• **WHAT THE EXERCISE ASKS**
Send back the records exactly as written, with no images.

• **DATASET EXCERPTS**
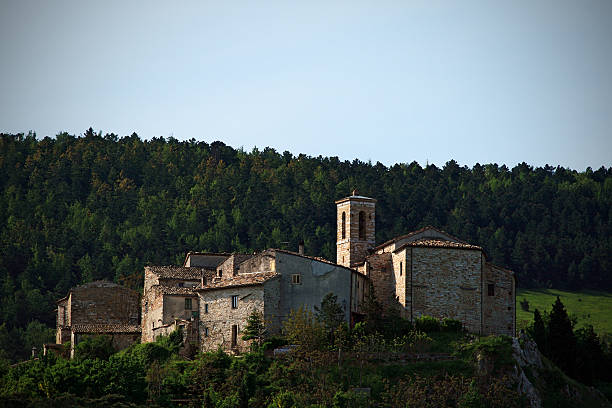 istock Old Italian City 182777165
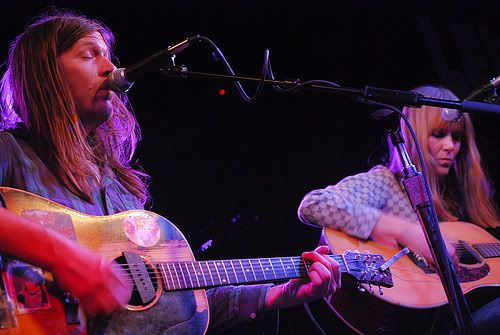 Evan Dando & Juliana Hatfield: photo by Michael Ligon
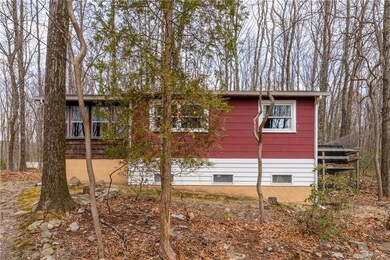 1401 David Ln, Effort, PA 18330 - photo 2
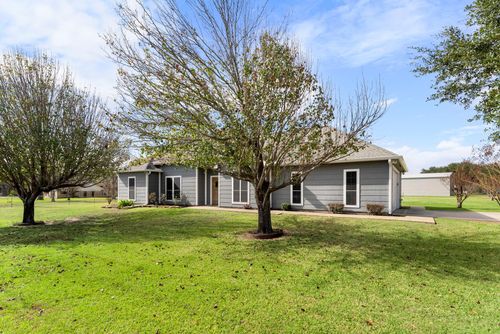 13942 Longstreet Rd, Willis, TX, 77318-4518 | Card Image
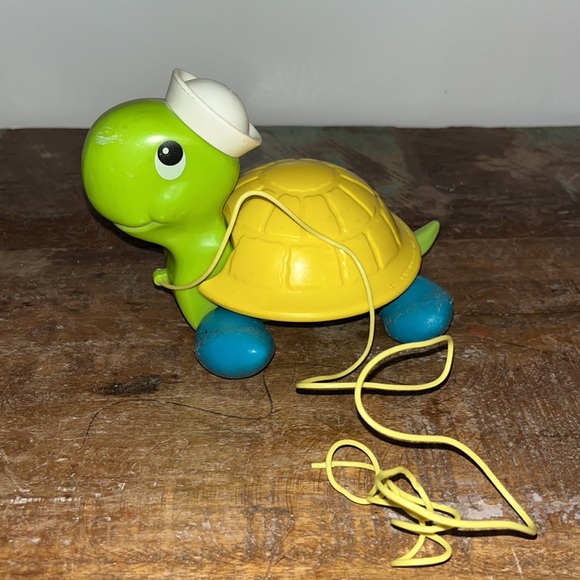Fisher price in 1977 turtle pull toy wearing a sailor hat - Picture 9 of 9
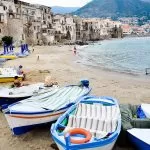 sycylia łodzie na wybrzeżu w cefalu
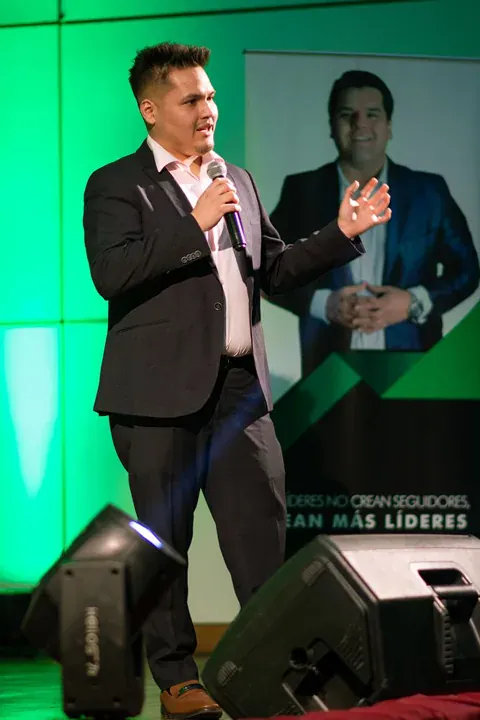 Diego Sovero: experiencia, viajes y comunidad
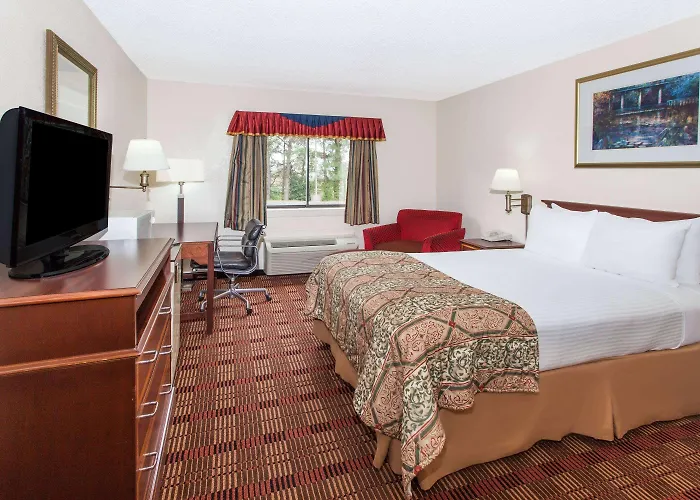 Baymont By Wyndham Smyrna Hotel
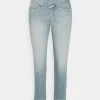 CLOSED PEDAL PUSHER Jean Boyfriend Mid Blue Femme 1 CLOSED PEDAL PUSHER Jean Boyfriend Mid Blue Femme -Promos CLOSED Magasin 91fc8e1b87df4877bf51c9e9c7c013de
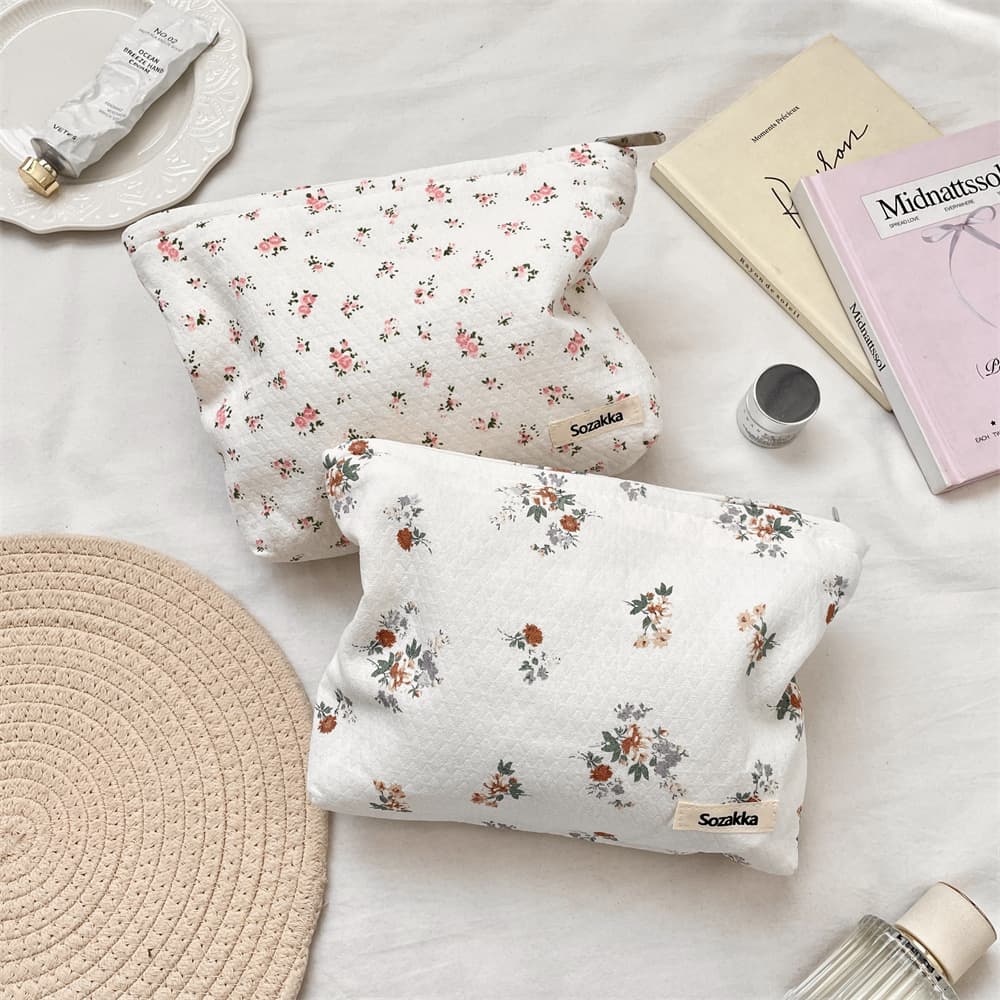 44121 Gentle floral cosmetic bag large capacity zipper storage bag women's skin care products cosmetics portable toiletry bag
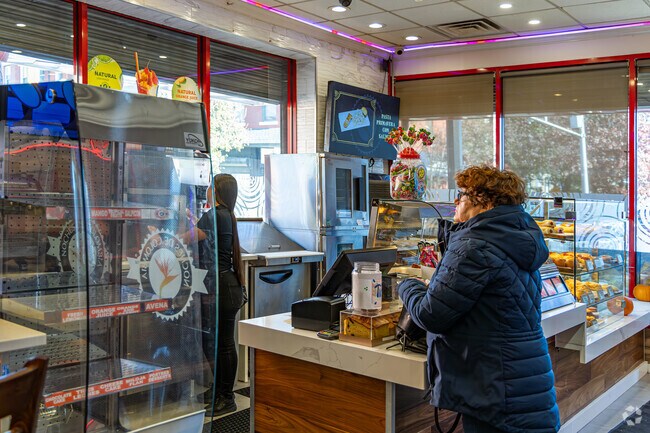 The dining scene in Union City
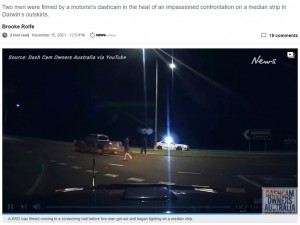 最終的には車が暴走し、近くで衝突事故を起こす（画像は『news.com.au　2021年11月15日付「Bizarre late-night street fight captured on dashcam」（Source: Dash Cam Owners Australia Via YouTube）』のスクリーンショット）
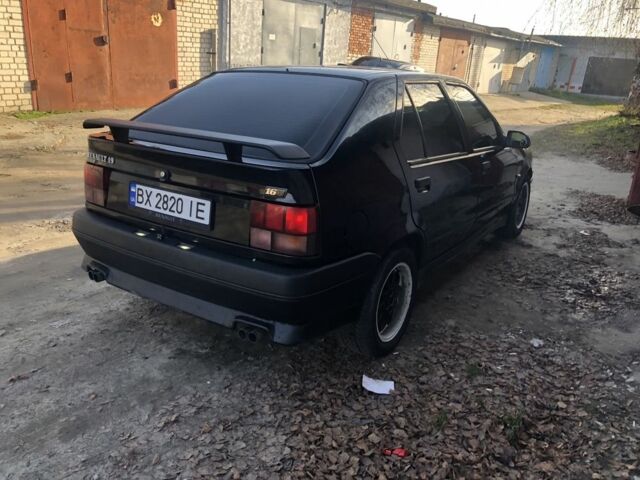 Чорний Рено 19, об'ємом двигуна 1.8 л та пробігом 197 тис. км за 1399 $, фото 2 на Automoto.ua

• **SOLUTION**
 istock Old Italian City 182777165
 Evan Dando & Juliana Hatfield: photo by Michael Ligon
 1401 David Ln, Effort, PA 18330 - photo 2
 13942 Longstreet Rd, Willis, TX, 77318-4518 | Card Image
Fisher price in 1977 turtle pull toy wearing a sailor hat - Picture 9 of 9
 sycylia łodzie na wybrzeżu w cefalu
 Diego Sovero: experiencia, viajes y comunidad
 Baymont By Wyndham Smyrna Hotel
 CLOSED PEDAL PUSHER Jean Boyfriend Mid Blue Femme 1 CLOSED PEDAL PUSHER Jean Boyfriend Mid Blue Femme -Promos CLOSED Magasin 91fc8e1b87df4877bf51c9e9c7c013de
 44121 Gentle floral cosmetic bag large capacity zipper storage bag women's skin care products cosmetics portable toiletry bag
 The dining scene in Union City
 最終的には車が暴走し、近くで衝突事故を起こす（画像は『news.com.au　2021年11月15日付「Bizarre late-night street fight captured on dashcam」（Source: Dash Cam Owners Australia Via YouTube）』のスクリーンショット）
 Чорний Рено 19, об'ємом двигуна 1.8 л та пробігом 197 тис. км за 1399 $, фото 2 на Automoto.ua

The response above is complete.